Friday, 3 February 2017

Walking Back

I have to disagree with a fictional incident as described in Alan Moore's Jerusalem (London, 2016), pp. 999-1000.

First, imagine that I walk from point A to point B and then return. I depart from A at 1:00, arrive at B at 2:00, immediately turn around and arrive back at A at 3:00. Of course, I neither meet nor briefly converse with myself shortly before arriving at B.

Secondly, imagine that I can walk backwards in time:

depart from A at 1:00;
arrive at B at 2:00;
immediately turn around;
arrive back at A at 1:00.

In the second case, I would be passing myself at every moment of the outward and return journeys.

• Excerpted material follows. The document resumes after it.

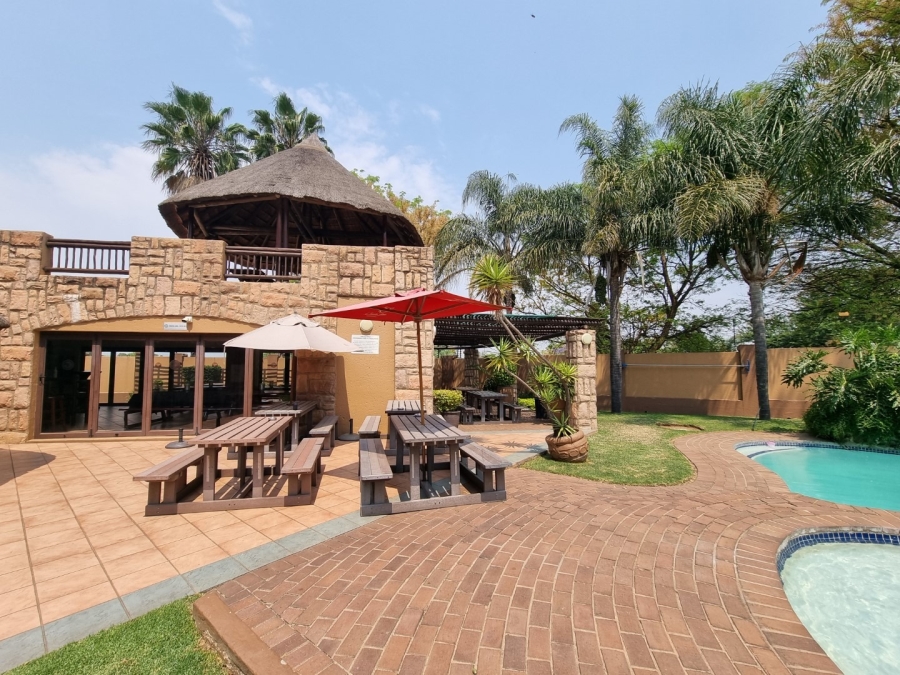 1 Bedroom Property for Sale in Douglasdale Gauteng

In Jerusalem, Snowy Vernall walks, carrying the eighteen-month old May on his shoulders. (They are ghosts whose ectoplasmic bodies are permanently the size and shape that their material bodies had when they died.) Snowy and May inhabit a space of at least three dimensions. (Other dimensions are mentioned but we can only visualize three.) Their (at least) three spatial dimensions are, of course, backwards-forwards, left-right and up-down. Snowy walks along a very long corridor. The world lines of the mortal world are below the floor of the corridor and parallel to it. Thus, Snowy's backwards-forwards spatial dimension corresponds to our, not his, temporal dimension. Snowy has a temporal dimension. He perceives, thinks, talks and walks. All of these activities take time. His temporal dimension is at right angles to ours and might (or might not) correspond to one of our three spatial dimensions. He should no more meet himself on his outward and return journeys than I do when walking from A to B and returning to A.